Live: Gavin Bryars and the Tasmanian Symphony Orchestra perform ‘Jesus’ Blood Never Fails Me Yet’ – Dark Mofo Festival 2021


Dark Mofo has been through an abyss, assailed at all sides by a potent cocktail of challenges stemming from its prescient cancellation last year due to COVID, missteps on the way to curating a challenging agenda this year, the virtual ban on overseas tourists and the ever present threat of lockdowns domestically (in fact one of the largest sources of patronage comes from Melbourne which was at the end of a lockdown period at the Festival began). And yet despite this, bruised and battered as they must feel, Leigh Carmichael (festival director) and his staff have put together an amazing agenda in a shortened span of a week.

With artist in residence Thurston Moore, the agenda was heavily flavoured towards local Australian acts, and there was a lot of spectacular events crammed in the seven days and nights. Strong rumours persist that this could be the last ever Dark Mofo. I sincerely hope not.

One not to be missed event for me was the performance by Gavin Bryars of his seminal piece ‘Jesus’ Blood Never Failed Me Yet’ – celebrating fifty years since its release.
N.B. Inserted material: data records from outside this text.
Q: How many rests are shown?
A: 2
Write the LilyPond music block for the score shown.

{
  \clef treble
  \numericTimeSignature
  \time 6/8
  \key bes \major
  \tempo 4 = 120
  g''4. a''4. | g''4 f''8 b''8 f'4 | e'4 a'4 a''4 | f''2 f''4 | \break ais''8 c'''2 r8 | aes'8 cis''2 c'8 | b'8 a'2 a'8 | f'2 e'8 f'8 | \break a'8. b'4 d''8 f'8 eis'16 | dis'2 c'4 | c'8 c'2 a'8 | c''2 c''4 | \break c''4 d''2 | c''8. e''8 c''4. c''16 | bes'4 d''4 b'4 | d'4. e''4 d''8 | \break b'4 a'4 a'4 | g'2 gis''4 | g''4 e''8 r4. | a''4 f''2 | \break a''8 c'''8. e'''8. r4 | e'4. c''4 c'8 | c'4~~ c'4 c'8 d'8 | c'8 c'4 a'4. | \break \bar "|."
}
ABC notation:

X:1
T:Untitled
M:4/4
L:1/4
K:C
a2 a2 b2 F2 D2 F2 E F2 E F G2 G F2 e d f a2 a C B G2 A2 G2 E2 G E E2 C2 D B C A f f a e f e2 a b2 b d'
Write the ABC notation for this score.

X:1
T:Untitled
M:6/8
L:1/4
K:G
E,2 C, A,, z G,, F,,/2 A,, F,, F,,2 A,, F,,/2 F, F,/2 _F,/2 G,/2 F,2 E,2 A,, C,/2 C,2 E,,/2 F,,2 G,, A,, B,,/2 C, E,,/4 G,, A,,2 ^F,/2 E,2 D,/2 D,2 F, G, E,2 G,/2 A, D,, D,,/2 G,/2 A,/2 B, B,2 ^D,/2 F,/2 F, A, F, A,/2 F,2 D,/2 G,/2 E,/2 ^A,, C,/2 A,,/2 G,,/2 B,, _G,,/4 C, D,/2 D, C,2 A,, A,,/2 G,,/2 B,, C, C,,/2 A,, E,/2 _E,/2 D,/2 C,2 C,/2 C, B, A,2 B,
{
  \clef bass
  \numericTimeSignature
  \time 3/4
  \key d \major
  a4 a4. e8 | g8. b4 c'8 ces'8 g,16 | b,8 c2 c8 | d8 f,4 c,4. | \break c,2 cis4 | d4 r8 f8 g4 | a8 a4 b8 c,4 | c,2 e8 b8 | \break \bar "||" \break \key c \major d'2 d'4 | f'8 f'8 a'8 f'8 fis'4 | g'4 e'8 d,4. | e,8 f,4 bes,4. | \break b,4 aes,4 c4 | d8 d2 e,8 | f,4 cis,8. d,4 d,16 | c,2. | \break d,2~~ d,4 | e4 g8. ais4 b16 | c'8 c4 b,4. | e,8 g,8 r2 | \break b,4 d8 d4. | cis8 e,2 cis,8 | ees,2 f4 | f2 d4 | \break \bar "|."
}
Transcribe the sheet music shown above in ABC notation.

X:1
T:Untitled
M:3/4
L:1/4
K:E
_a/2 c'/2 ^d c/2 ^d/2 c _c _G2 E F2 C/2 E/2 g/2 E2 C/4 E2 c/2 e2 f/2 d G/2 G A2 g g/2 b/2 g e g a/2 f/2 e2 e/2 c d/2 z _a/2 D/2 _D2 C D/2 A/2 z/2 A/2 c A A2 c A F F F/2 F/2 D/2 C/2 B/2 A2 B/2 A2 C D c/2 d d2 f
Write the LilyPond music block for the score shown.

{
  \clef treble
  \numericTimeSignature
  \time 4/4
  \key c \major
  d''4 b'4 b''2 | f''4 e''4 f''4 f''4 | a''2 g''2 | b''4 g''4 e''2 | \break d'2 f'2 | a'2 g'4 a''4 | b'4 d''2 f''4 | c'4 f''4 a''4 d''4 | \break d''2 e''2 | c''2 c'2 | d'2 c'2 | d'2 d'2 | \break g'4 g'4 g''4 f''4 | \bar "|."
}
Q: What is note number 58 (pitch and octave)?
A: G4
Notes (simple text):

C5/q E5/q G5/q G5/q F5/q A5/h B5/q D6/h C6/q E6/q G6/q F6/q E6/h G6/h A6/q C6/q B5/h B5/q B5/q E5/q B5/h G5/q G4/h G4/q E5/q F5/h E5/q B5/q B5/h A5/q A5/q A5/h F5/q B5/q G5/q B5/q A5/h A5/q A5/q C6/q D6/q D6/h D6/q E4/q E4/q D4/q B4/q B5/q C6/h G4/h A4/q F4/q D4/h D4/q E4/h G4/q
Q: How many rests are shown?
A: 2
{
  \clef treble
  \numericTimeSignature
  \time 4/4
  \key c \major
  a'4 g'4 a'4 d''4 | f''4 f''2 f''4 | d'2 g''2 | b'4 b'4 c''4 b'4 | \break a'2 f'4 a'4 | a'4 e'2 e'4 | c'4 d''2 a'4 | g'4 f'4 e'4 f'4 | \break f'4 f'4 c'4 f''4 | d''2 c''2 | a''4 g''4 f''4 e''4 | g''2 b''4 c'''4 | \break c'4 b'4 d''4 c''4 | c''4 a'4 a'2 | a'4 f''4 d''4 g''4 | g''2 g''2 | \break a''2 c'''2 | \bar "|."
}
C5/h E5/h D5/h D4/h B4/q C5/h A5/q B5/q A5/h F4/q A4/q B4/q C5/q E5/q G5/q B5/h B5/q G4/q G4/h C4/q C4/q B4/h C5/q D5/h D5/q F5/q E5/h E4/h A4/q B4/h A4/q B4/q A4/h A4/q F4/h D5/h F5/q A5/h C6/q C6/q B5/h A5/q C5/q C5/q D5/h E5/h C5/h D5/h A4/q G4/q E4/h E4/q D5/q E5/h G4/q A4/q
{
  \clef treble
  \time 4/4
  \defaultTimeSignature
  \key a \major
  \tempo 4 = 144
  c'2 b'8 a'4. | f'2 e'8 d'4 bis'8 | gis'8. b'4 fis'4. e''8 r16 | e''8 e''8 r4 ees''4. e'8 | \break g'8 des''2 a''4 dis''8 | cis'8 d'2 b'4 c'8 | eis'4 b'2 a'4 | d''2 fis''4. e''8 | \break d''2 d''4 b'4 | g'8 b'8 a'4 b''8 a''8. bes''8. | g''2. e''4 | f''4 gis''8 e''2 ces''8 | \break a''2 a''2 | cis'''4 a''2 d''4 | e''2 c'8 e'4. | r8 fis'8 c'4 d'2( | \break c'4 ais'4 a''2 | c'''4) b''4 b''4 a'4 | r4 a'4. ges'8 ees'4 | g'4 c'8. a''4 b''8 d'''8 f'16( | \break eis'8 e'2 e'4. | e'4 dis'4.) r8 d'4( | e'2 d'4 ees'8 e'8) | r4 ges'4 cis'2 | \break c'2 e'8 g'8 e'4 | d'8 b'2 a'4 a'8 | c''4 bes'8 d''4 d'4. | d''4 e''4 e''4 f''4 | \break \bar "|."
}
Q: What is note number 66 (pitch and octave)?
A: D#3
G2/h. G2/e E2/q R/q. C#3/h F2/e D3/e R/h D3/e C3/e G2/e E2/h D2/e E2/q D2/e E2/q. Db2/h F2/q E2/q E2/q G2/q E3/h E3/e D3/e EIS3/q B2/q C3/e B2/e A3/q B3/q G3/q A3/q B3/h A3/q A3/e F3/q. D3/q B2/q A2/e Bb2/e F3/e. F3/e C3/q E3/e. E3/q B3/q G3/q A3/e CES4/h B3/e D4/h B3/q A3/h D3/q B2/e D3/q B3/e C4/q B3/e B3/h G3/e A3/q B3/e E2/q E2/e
Richard Gavin Bryars (born 16 January 1943) is an English composer and double bassist. He has worked in jazz, free improvisation, minimalism, historicism, avant-garde, and experimental music. ‘Jesus’ Blood Never Failed Me Yet’ is a legendary 1971 composition by Bryars based on a loop of an unknown homeless man singing a brief improvised stanza. The loop was the singer’s recollection of the chorus of a Gospel hymn, by James M Black, published in 1911.

It was quite frankly an amazing coup for the Dark Mofo Festival to get Bryars – now in his late seventies – to Hobart to preform this iconic piece of music with the esteemed Tasmanian Symphony Orchestra (TSO) on its fiftieth birthday. The piece has had varied perfomance times – once overnight for 12 hours – but tonight we were privy to a 40 minute version. In introducing the piece, Bryers very humbly acknowledged his presence in Australia while there were still 35,000 Australian overseas unable to return (Australia has one of the strictest travel restrictions in place in the world). He joked about his perfomance being deemed a critical cultural contribution but, in reality, such was the special nature of the perfomance at this time, at this place, how could it not be describes as thus.

The most challenging element to this piece is the looped tape of the man singing that continues throughout the performance with the refrain:

Never failed me yet, never failed me yet, Jesus’ blood never failed me yet, there’s one thing I know, for he loves me so… Jesus’ blood never failed me yet

The ancient voice is frail, earnest, and filled with a sense of pathos. As the looped tape plays, the TSO sends waves of music – written at a key appropriate to the sung refrain – that slowly and immeasurably ascend in movements as each refrain ends. Horns kick in and strings awaken, reverting the sung words to a mere percussive element. The looped words become something special: like a mantra – meditative, immersive, even alien. It was too much for some audiences members who left (ironically minutes before the piece ended). The TSO magnificently delivered the nuanced music – serving first as a backdrop or undercurrent, slowly shrugging its way ahead of the looped vocals to become the driving force, before receding to silence as the tape looped out.

It was a magnificent perfomance – Bryars directing, cajoling, entreating the orchestra with delicate fingers and subtlety, perched on his stool. He noted in his introduction that the amount of times he had heard the looped refrain would reach millions in total since the piece was written, but that he remained moved by its passion and intonation. And indeed, the images evoked by this refrain are remarkable – the blind passion of a homeless man with his faith and optimism. A rare and beautiful evening.

Brayers and the TSO played a couple of pieces before the main event – one ‘A Hut in Toyama’ – that were elegant and elegiac pieces – one underpinned by a simple but mesmerising piano arpeggio that recalled the regal atmosphere of something by Sigur Ros.